Gaming

Circa Infinity Review (Switch eShop)

Over the centuries, the circle has left an indelible mark on our culture: Wagner’s Ring cycle; Dante’s Inferno; Pythagorean theorem; Domino’s Pizza. Now Kenny Sun Circa Infinity comes to Switch to distract us from everything except maybe pizza.

Just hitting consoles, this indie puzzle and action platformer hit the PC in 2015, generating buzz with its unique concept and vibrant visuals. You control a small pixel man who runs outside the circle that fills the screen. There is a segment of the circle that you can enter by standing on its arc and pressing the jump. Upon entering the circle, your person rolls over to run around the inside of the circle. Another small circle floats around the middle of the circle you entered and can be reached by jumping when it is within reach. The screen will then enlarge so that this new circle fills your view and the process repeats. As you progress through the game, new types, behaviors and models of enemies appear; contact with any villains leads to failure.

The difficulty is certainly increasing, but what sets Circa Infinity apart from other indie games with a good idea is the level design that does a great job of teaching the player the necessary skills and then encouraging creative thinking based on what has been learned. The difficulty curve is as smooth as the round circles, giving you the feeling of a wise martial arts mentor who would love to be lost but won’t let you win. Rather than giving a certain number of lives and subtracting them as punishment for failure, the game lets you try as many times as you want, but pushes you one stage every time you die. It seems fair and requires composure – if disappointment creeps in, it’s too easy to combine a series of deaths and end up at the beginning of a level again.

We can make comparisons with all sorts of games: single-screen action, circular play area and pixel art are reminiscent of classic golden age arcade games such as Asteroids and Defender… Sometimes it seems like a rhythmic trick Super hexagon and sometimes I like it VVVVVV… The color-coding of enemies as they switch between lethal and benign — along with frantic reading of patterns of reflex action — seems to be like Ikaruga… Suffice it to say that Circa Infinity offers everything one could get from its simple formula, and it does it with flair and a killer soundtrack.
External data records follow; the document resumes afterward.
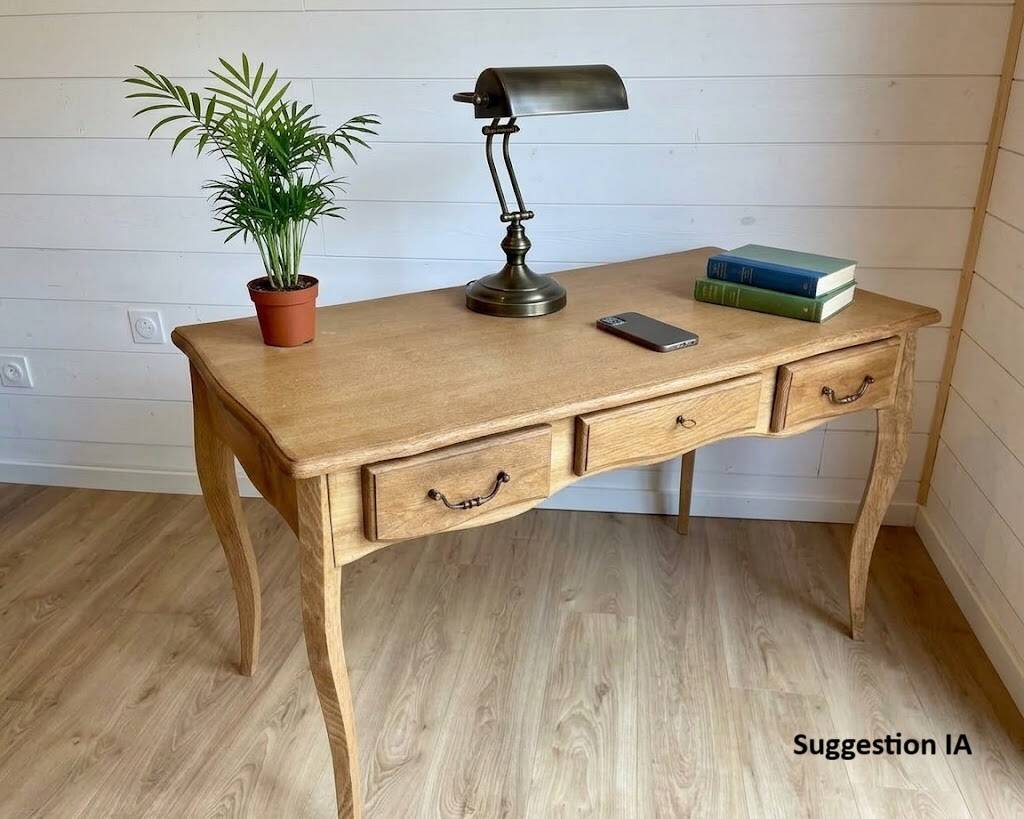 Vintage light wood desk with 3 drawers in Louis Philippe style, chic country.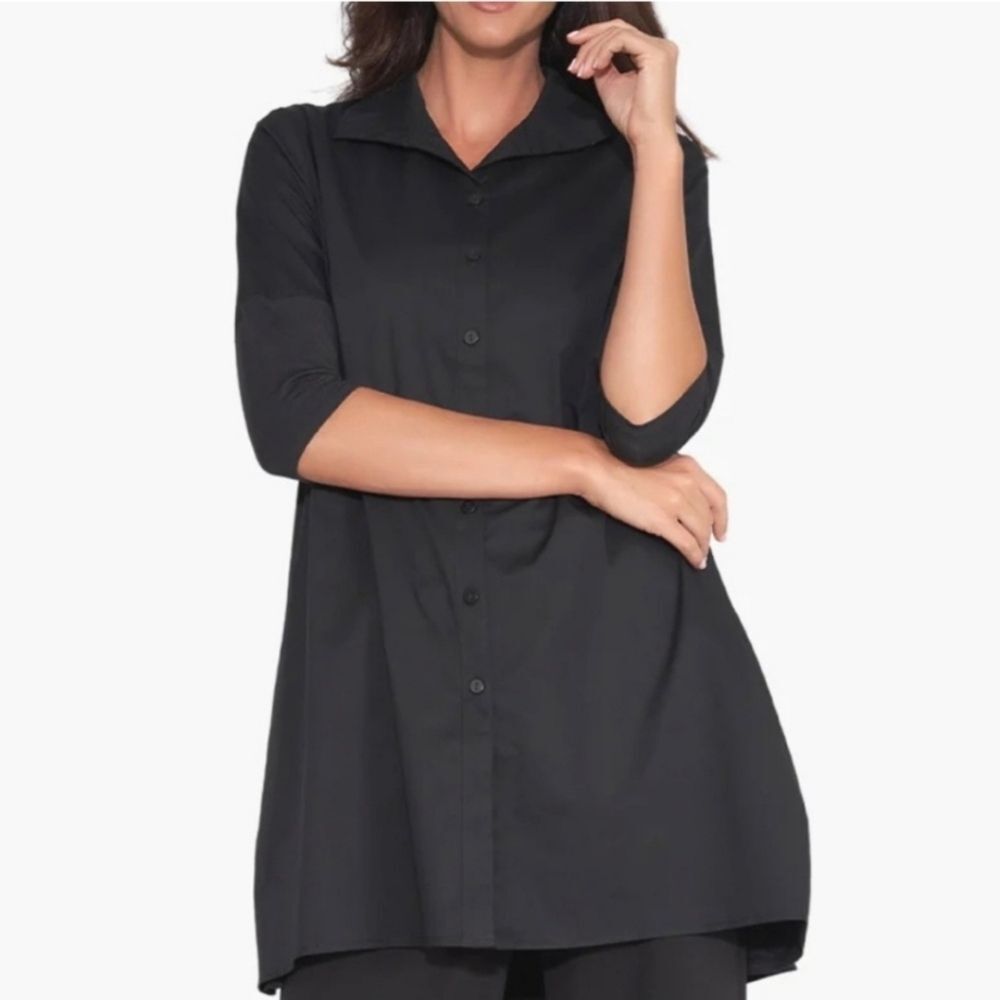 Stella Carakasi Tiburon Tunic Black Mixed Media Lagonlook Size Xl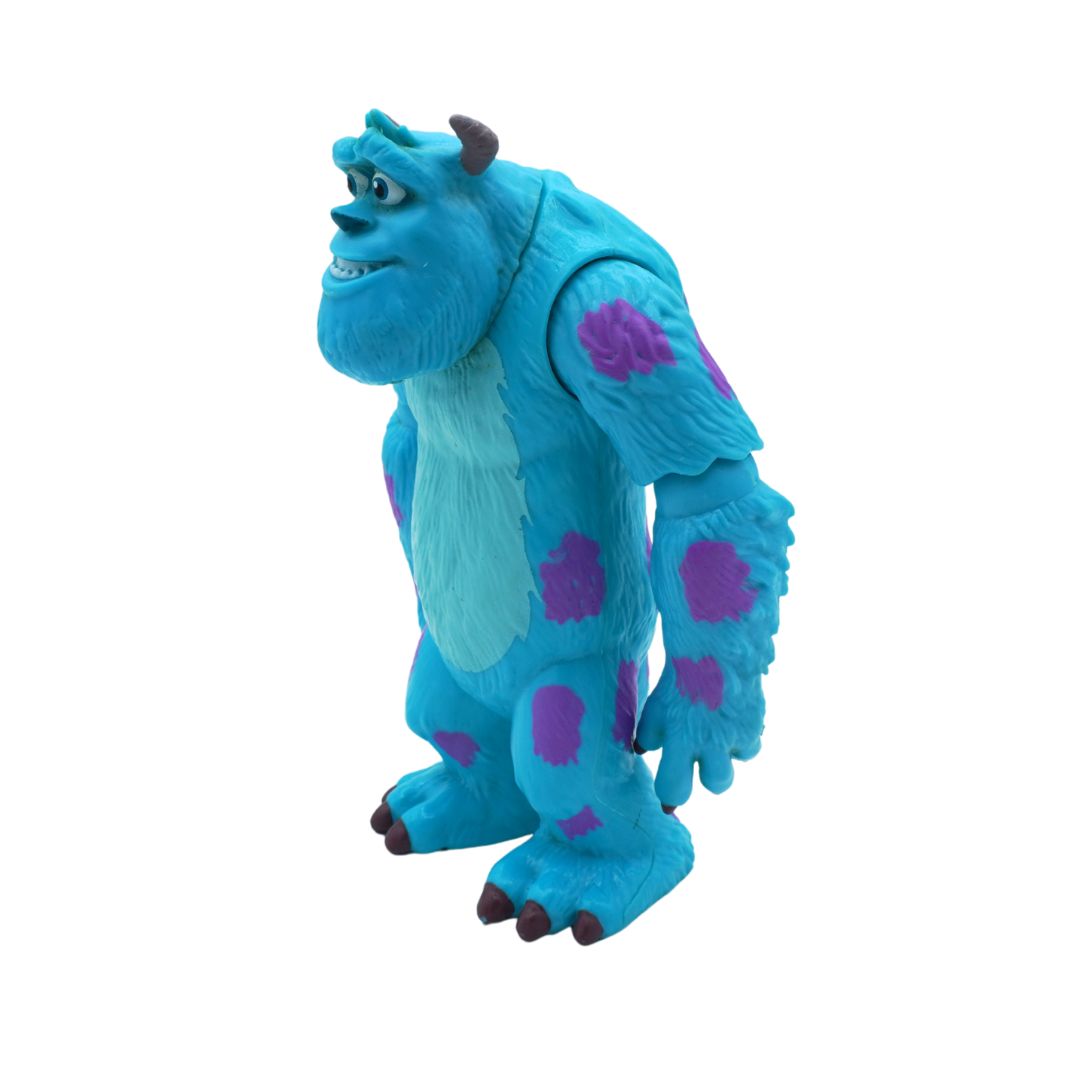 Blue animated character with purple spots on a white background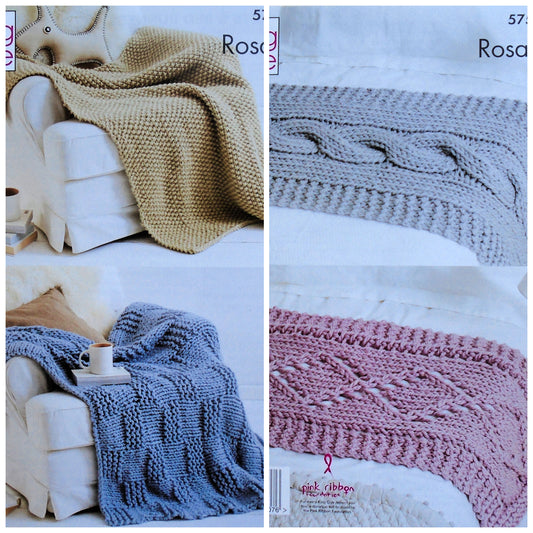 DIGITAL Knitting Pattern Ladies Easy Throw & Bed Runner 4 Designs Mega Chunky King Cole 5758
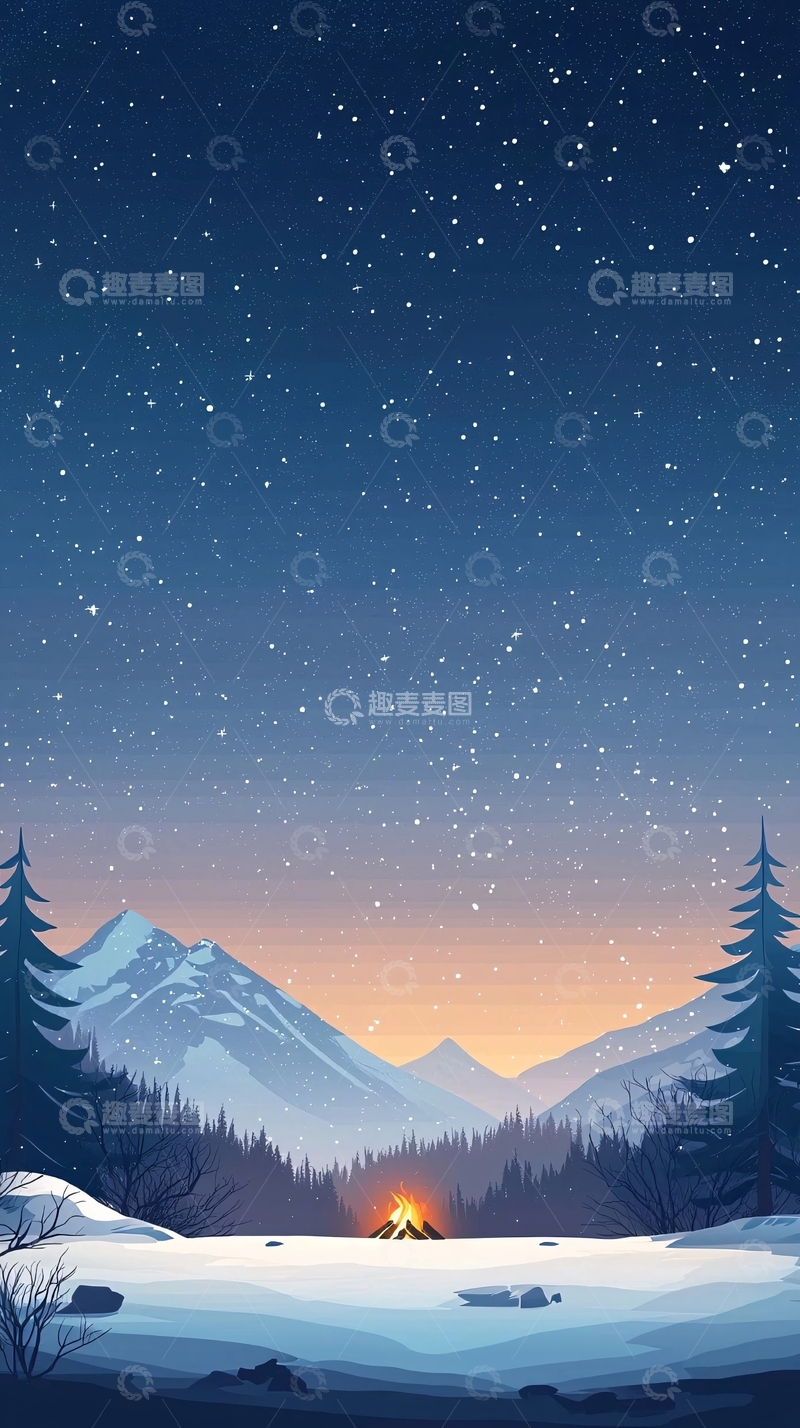高清大图下载【趣麦麦图】星空下的雪山篝火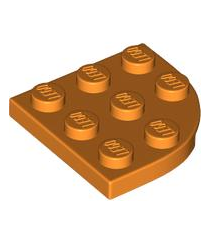 LEGO - Plaat, ronde hoek 3 x 3 - Orange | N - Thumbnail
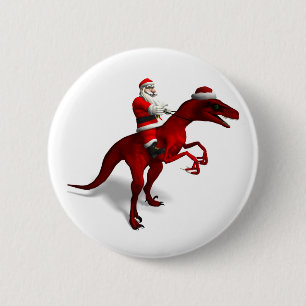 Santa Claus On Dino 6 Cm Round Badge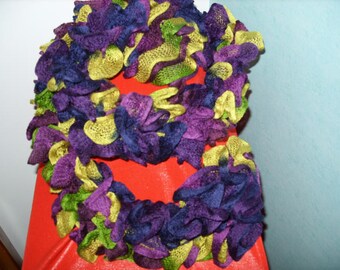 Froufrou multicolored fancy yarn scarf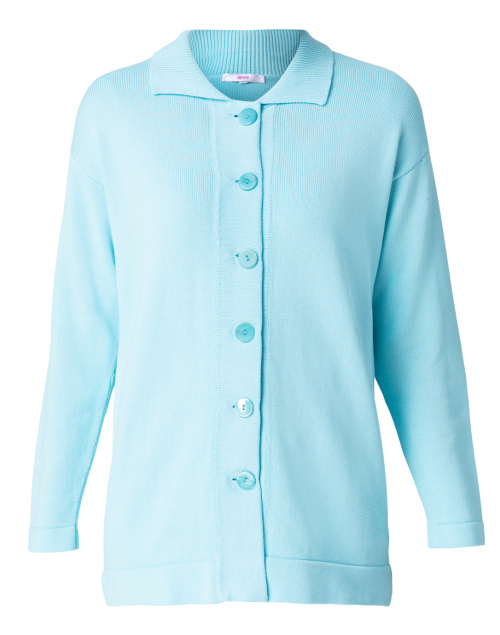 Leggiadro - Light Turquoise Cotton Knit Cardigan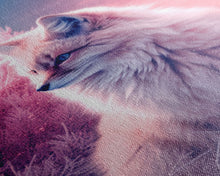 Load image into Gallery viewer, Arctic Fox Wall Print, Animal Art Print, Animal Portrait, Pink Art, Wildlife Art, Framed Wall Art, Framed Canvas, Wall Print, Wall Canvas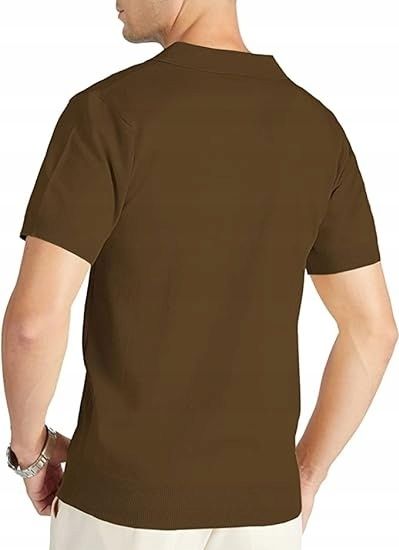 Męska koszulka Polo brązowa bardzo wygodna i elastyczna Rozmiar XL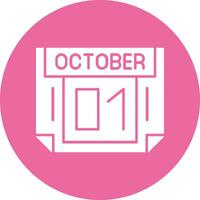 1 October Solid Circle Style Icon vector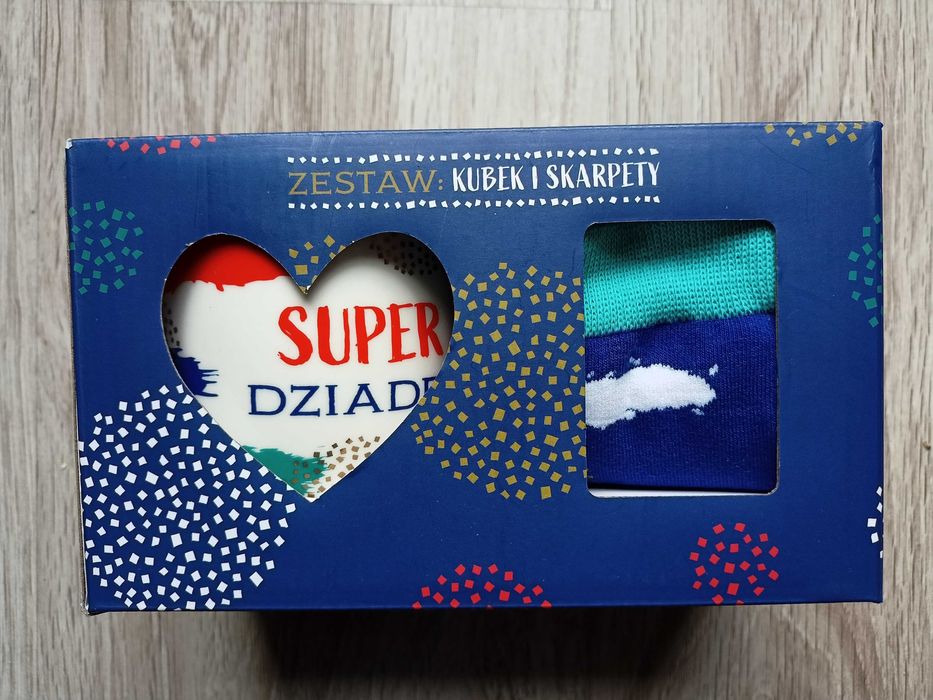 NOWY Zestaw kubek i skarpetki Super Dziadek nowe Dzień Dziadka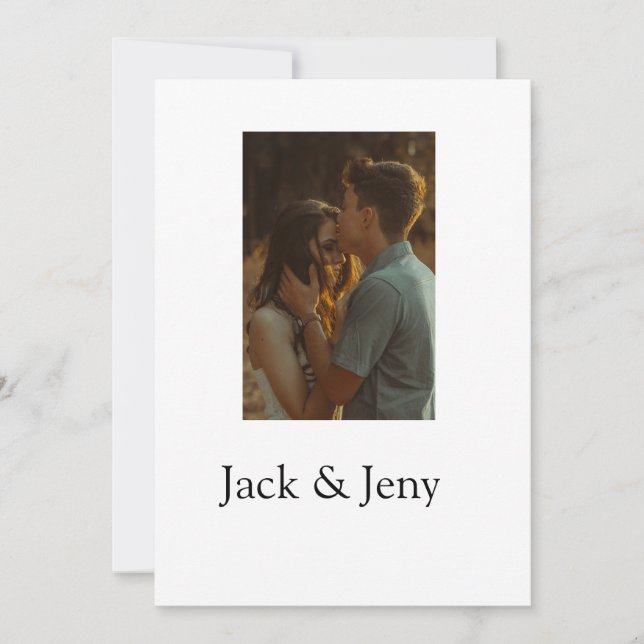 Einfache, minimale Farbkombination Foto-Text Einladung (Vorderseite)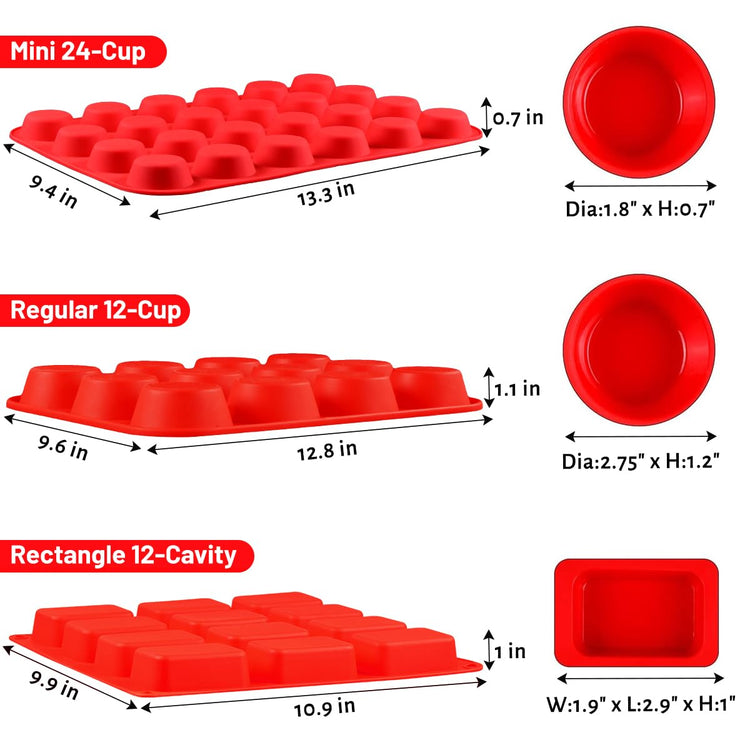 Silicone Muffin Pan (3 Count)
While it carries over well to Switch, the pixel art style doesn’t work. enough reads as deliberately on the PDA screen. This is especially true on a large OLED screen. OLED players will also be well aware that blacks are not enough black, and your screen will be backlit in grainy gray rather than absorbing light into glossy darkness.

Circa Infinity is a game where form follows function and function follows form. If the bold circle on the screen was a chicken, then the mechanism of the wrapping platformers was an egg. The constant trick of its concentrated concentricity is strikingly round, but once you buy it indoors, it makes perfect sense. The player-friendly level design and well-thought-out difficulty curve will let you shine with fluid intricacy and sinister challenge, while its distinctive appearance will leave an indelible mark on your memory.